▸ WHAT IS REQUIRED: Retype, word for word, each line between the lines holding "取り外せる透明なマウスピース型矯正装置とは" and "Hailey Bieber et", inclusive, and leave the rest of the data alone.

▸ RECORDS SUPPLIED:

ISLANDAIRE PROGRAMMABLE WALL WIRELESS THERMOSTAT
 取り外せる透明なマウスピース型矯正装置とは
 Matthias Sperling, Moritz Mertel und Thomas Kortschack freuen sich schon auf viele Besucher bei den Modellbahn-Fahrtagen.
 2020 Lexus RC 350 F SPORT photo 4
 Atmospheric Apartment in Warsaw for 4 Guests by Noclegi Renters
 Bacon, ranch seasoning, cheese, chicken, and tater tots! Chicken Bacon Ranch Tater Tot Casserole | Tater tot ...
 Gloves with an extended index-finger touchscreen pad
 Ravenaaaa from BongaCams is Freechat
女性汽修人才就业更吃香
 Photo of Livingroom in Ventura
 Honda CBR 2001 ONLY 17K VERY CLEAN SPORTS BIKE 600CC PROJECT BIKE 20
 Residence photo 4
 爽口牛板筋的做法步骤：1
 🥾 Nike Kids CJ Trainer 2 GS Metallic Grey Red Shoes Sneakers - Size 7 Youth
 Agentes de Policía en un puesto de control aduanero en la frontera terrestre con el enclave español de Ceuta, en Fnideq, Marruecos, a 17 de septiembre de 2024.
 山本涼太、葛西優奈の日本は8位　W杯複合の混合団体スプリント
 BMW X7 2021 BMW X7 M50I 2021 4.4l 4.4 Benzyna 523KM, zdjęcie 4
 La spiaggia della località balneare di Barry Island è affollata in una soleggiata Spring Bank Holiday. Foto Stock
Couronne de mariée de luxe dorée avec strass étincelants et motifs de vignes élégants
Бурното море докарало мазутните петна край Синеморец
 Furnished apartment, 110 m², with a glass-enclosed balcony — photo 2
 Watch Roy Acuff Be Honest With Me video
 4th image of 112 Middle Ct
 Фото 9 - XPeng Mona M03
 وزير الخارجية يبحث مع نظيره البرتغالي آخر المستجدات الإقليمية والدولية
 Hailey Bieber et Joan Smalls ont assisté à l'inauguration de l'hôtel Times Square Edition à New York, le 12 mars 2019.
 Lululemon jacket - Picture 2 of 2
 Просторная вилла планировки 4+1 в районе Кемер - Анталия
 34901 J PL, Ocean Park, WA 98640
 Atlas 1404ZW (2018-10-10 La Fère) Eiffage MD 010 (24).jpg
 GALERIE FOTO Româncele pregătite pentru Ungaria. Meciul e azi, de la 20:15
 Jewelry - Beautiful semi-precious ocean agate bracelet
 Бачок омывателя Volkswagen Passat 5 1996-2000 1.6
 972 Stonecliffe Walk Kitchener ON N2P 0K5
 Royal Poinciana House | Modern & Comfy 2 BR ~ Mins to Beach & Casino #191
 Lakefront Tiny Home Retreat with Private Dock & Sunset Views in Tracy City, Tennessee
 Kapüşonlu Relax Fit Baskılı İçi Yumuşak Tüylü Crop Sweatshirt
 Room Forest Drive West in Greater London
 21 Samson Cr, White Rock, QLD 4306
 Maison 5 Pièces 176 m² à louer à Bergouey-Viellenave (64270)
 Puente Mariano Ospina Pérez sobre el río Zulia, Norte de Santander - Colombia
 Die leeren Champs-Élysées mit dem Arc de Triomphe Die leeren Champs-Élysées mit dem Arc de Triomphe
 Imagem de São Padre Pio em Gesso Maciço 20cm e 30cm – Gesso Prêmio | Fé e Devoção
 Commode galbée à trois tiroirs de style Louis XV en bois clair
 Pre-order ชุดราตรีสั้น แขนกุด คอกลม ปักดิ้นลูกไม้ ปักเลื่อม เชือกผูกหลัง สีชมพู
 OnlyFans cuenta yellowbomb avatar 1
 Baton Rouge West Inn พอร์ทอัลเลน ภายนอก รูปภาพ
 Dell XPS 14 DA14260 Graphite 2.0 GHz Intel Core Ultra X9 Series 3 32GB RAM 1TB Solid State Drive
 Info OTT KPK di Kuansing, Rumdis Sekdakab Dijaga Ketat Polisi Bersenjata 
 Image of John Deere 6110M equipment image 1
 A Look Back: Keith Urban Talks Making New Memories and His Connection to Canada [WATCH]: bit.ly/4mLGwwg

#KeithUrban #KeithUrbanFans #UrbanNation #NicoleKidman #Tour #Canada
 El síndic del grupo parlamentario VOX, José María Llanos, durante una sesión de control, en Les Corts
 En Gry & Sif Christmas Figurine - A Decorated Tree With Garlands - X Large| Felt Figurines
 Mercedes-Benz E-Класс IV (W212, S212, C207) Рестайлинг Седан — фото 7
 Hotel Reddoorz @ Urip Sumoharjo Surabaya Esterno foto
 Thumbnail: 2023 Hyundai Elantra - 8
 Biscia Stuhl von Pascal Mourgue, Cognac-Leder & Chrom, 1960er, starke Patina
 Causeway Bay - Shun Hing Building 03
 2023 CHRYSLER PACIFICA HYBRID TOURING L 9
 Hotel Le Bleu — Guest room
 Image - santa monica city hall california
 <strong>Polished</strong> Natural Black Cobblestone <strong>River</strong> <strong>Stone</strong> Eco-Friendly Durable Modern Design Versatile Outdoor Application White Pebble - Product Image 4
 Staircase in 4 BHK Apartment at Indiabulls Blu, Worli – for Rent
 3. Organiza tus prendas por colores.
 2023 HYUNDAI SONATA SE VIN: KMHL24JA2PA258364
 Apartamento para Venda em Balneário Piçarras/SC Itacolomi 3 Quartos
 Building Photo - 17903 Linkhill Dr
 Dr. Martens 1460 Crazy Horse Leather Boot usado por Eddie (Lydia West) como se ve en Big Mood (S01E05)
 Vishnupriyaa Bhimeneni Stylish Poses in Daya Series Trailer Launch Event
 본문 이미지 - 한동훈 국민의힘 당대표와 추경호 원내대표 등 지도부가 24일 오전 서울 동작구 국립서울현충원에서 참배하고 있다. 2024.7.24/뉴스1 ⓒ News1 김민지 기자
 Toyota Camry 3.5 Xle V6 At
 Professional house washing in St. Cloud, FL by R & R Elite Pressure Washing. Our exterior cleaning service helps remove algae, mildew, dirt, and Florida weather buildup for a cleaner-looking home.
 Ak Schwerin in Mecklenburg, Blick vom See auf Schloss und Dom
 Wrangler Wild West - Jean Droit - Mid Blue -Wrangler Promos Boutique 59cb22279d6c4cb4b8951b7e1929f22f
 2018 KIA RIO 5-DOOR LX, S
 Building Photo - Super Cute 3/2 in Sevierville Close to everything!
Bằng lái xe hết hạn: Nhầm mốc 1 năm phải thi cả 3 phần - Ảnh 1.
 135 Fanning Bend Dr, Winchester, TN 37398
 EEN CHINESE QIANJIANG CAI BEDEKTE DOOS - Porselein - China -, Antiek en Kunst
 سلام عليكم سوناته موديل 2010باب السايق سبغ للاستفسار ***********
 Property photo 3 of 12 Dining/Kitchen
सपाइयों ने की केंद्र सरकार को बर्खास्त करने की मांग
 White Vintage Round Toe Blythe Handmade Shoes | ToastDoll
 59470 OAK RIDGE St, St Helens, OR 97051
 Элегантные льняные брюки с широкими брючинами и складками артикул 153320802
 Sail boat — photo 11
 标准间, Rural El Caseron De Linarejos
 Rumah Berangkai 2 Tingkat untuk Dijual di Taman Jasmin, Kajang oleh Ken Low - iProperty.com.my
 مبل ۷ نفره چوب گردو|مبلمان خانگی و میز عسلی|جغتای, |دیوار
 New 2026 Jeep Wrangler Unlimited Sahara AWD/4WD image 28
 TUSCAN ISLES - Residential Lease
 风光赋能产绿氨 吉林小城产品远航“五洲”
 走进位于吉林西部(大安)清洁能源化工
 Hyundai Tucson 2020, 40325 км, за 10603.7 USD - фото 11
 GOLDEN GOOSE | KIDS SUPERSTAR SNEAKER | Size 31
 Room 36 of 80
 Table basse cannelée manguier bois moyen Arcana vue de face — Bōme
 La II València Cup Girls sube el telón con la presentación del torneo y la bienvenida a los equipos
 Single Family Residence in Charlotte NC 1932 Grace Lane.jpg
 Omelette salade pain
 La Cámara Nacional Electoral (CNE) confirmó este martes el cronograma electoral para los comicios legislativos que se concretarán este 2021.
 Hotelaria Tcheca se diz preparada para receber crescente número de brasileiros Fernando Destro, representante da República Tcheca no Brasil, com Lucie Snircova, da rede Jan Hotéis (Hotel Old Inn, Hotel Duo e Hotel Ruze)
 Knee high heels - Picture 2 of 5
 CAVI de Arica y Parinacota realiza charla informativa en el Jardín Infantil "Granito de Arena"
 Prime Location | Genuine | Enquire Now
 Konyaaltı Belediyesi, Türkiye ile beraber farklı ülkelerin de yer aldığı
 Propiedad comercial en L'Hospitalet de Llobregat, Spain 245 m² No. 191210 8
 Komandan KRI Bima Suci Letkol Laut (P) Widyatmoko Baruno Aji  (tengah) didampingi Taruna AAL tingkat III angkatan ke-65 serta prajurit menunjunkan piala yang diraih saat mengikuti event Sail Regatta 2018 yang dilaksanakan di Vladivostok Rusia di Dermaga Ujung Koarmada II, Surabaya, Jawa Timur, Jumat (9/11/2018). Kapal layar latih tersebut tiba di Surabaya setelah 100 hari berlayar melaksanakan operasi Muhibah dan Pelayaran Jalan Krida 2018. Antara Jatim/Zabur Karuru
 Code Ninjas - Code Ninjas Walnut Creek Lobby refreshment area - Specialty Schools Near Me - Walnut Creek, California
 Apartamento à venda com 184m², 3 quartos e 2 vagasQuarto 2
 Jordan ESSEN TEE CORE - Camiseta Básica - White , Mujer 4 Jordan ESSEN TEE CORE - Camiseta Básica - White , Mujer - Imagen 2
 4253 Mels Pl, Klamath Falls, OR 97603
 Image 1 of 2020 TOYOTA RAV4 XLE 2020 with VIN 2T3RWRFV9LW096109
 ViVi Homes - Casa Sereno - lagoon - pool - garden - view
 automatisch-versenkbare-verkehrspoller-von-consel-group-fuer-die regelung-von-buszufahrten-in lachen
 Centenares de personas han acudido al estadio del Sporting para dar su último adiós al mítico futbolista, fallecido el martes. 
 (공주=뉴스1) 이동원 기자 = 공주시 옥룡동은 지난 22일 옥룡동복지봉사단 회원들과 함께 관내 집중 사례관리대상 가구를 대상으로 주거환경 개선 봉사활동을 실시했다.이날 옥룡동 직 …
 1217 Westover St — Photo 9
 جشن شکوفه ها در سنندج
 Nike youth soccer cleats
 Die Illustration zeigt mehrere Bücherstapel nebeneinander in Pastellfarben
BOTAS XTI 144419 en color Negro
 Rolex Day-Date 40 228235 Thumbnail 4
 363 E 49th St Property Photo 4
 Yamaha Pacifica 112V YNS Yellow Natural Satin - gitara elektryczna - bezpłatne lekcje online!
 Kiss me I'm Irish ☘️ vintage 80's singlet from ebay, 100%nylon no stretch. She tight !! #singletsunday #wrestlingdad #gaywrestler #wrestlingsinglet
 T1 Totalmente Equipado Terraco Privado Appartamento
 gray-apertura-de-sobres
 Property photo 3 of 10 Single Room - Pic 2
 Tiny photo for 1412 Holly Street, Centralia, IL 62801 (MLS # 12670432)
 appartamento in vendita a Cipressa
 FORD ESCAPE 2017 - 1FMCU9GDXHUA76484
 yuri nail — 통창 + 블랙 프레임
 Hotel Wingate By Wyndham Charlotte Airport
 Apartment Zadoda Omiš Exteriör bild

▸ WRITTEN ANSWER:
 取り外せる透明なマウスピース型矯正装置とは
 Matthias Sperling, Moritz Mertel und Thomas Kortschack freuen sich schon auf viele Besucher bei den Modellbahn-Fahrtagen.
 2020 Lexus RC 350 F SPORT photo 4
 Atmospheric Apartment in Warsaw for 4 Guests by Noclegi Renters
 Bacon, ranch seasoning, cheese, chicken, and tater tots! Chicken Bacon Ranch Tater Tot Casserole | Tater tot ...
 Gloves with an extended index-finger touchscreen pad
 Ravenaaaa from BongaCams is Freechat
女性汽修人才就业更吃香
 Photo of Livingroom in Ventura
 Honda CBR 2001 ONLY 17K VERY CLEAN SPORTS BIKE 600CC PROJECT BIKE 20
 Residence photo 4
 爽口牛板筋的做法步骤：1
 🥾 Nike Kids CJ Trainer 2 GS Metallic Grey Red Shoes Sneakers - Size 7 Youth
 Agentes de Policía en un puesto de control aduanero en la frontera terrestre con el enclave español de Ceuta, en Fnideq, Marruecos, a 17 de septiembre de 2024.
 山本涼太、葛西優奈の日本は8位　W杯複合の混合団体スプリント
 BMW X7 2021 BMW X7 M50I 2021 4.4l 4.4 Benzyna 523KM, zdjęcie 4
 La spiaggia della località balneare di Barry Island è affollata in una soleggiata Spring Bank Holiday. Foto Stock
Couronne de mariée de luxe dorée avec strass étincelants et motifs de vignes élégants
Бурното море докарало мазутните петна край Синеморец
 Furnished apartment, 110 m², with a glass-enclosed balcony — photo 2
 Watch Roy Acuff Be Honest With Me video
 4th image of 112 Middle Ct
 Фото 9 - XPeng Mona M03
 وزير الخارجية يبحث مع نظيره البرتغالي آخر المستجدات الإقليمية والدولية
 Hailey Bieber et Joan Smalls ont assisté à l'inauguration de l'hôtel Times Square Edition à New York, le 12 mars 2019.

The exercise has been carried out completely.